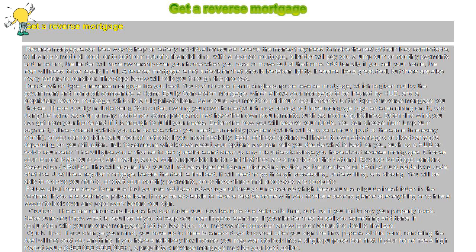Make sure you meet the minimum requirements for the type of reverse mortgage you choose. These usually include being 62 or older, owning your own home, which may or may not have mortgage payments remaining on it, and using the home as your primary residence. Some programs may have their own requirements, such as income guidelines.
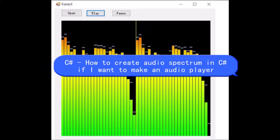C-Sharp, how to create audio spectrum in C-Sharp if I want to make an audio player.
######
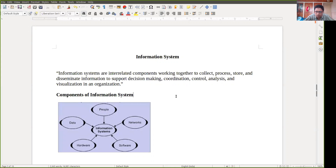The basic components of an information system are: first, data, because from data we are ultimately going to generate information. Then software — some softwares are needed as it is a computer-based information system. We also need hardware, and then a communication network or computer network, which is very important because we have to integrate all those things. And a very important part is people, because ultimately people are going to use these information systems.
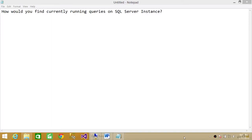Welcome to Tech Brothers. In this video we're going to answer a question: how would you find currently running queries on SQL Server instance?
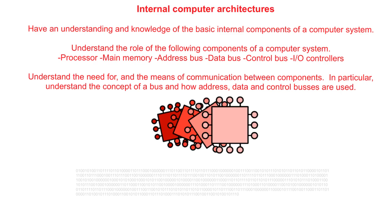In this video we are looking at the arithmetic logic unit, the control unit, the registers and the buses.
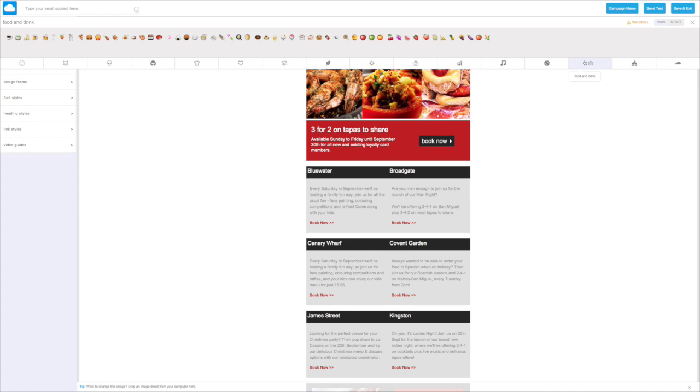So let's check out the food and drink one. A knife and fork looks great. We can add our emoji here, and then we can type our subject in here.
######
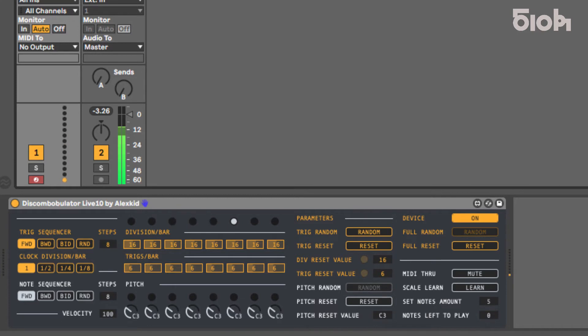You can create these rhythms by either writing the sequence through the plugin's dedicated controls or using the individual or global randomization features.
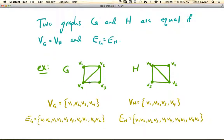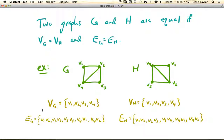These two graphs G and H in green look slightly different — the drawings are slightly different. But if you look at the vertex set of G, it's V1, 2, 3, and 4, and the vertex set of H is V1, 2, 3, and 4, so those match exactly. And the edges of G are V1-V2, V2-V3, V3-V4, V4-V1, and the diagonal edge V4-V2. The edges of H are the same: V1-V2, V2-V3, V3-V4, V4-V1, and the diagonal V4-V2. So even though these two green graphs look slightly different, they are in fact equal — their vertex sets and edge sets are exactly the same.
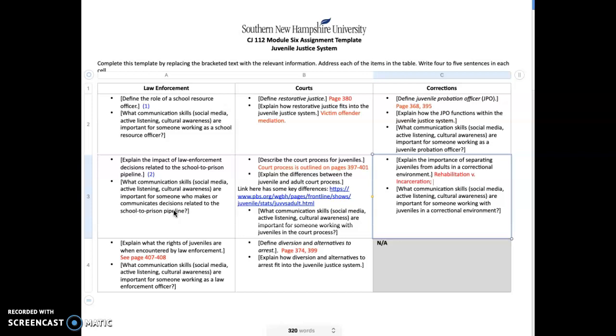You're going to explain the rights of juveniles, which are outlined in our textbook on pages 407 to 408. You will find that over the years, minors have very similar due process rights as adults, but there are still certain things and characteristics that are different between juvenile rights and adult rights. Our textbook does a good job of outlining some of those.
######
Only one stretch of the listing is wanted: the lines starting at the one with "You can create" and ending at the one with "You're going to", copied exactly and free of pictures.

● **TASK ANSWER**
You can create these rhythms by either writing the sequence through the plugin's dedicated controls or using the individual or global randomization features.
These two graphs G and H in green look slightly different — the drawings are slightly different. But if you look at the vertex set of G, it's V1, 2, 3, and 4, and the vertex set of H is V1, 2, 3, and 4, so those match exactly. And the edges of G are V1-V2, V2-V3, V3-V4, V4-V1, and the diagonal edge V4-V2. The edges of H are the same: V1-V2, V2-V3, V3-V4, V4-V1, and the diagonal V4-V2. So even though these two green graphs look slightly different, they are in fact equal — their vertex sets and edge sets are exactly the same.
You're going to explain the rights of juveniles, which are outlined in our textbook on pages 407 to 408. You will find that over the years, minors have very similar due process rights as adults, but there are still certain things and characteristics that are different between juvenile rights and adult rights. Our textbook does a good job of outlining some of those.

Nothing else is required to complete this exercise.